Schließlich wurde er in einen halbrunden, ebenfalls vollkommen leeren Raum gebracht, in dem ihn Titch und zwei weitere Krieger erwarteten. Skar warf einen raschen, besorgten Blick in Titchs Gesicht. Die Oberlippe des Quorrl hatte aufgehört zu bluten, und es waren keine neuen Verletzungen hinzugekommen. Zumindest schien Titch nicht mißhandelt worden zu sein. »Fahs hat mich nicht angerührt«, sagte Titch. Es war wohl nicht sehr schwer gewesen, in Skars Gesicht zu lesen. »Er ist verrückt, und es macht ihm Freude, zu quälen. Aber er ist auch ein Feigling.«

»Der Quorrl, der uns... empfangen hat?«

Titch grinste schief und rieb sich mit Daumen und Zeigefinger über die aufgeplatzte Lippe. »Wenn du es so nennen willst...«

»Ihr scheint alte Freunde zu sein«, sagte Skar.
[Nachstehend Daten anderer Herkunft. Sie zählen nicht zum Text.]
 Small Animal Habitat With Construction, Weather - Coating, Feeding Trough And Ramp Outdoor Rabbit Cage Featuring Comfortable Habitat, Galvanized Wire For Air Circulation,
»Wir kennen uns«, gestand Titch. Er grinste noch immer, aber etwas in seinem Lächeln warnte Skar, nicht danach zu fragen, was der Quorrl gemeint hatte, als er Titch als Schlächter bezeichnete. Es war verrückt - aber je länger er den Quorrl kannte, desto weniger schien er über ihn zu wissen.

»Was haben sie mit dir gemacht?«

»Gemacht?« Skar zuckte mit den Schultern. »Nichts. In ein eiskaltes dunkles Loch geworfen und mich hungern lassen, aber sonst nichts. Ihr Quorrl scheint eine sonderbare Auffassung von Gastfreundschaft zu haben.«

»Manche von uns, ja«, sagte Titch. »Sei froh, daß du noch lebst. Ich habe nicht damit gerechnet, so weit zu kommen. Wäre es nach Fahs gegangen, wären wir draußen geblieben. Aber verteilt über die ganze Höhle.«

Skar lächelte flüchtig, aber er antwortete nicht mehr. Die vier Quorrl, die sie bewachten, mußten sie ohnehin für verrückt halten, wenn sie der Sprache mächtig waren, in der sie sich unterhielten. Aber Skar ließ sich von Titchs scheinbar lockerem Ton nicht eine Sekunde täuschen. Der Quorrl war so nervös wie er, wahrscheinlich mehr, denn er wußte sehr viel besser, mit wem sie es zu tun hatten. Sie versuchten beide nur, sich einzureden, daß es keinen Grund gab, Angst zu haben.

»Wer ist Rowl?« fragte er.

»Ihr Anführer«, antwortete Titch. »Du würdest ihn einen Räuberhauptmann nennen.«

»Und du?«

Titch überlegte einen Moment. »Einen Rebellen«, sagte er. »Aber auch einen Mörder. Er ist gefährlich, Skar. Laß dich nicht von seinem Äußeren täuschen, oder von seiner Art, sich zu geben. Nur ein Ungeheuer kann ein Heer von Ungeheuern führen.«

Das klang nicht besonders ermutigend, fand Skar. Aber was hatte er erwartet? Daß Fahs sie am Leben gelassen hatte, bedeutete nicht, daß sie es auch bleiben würden.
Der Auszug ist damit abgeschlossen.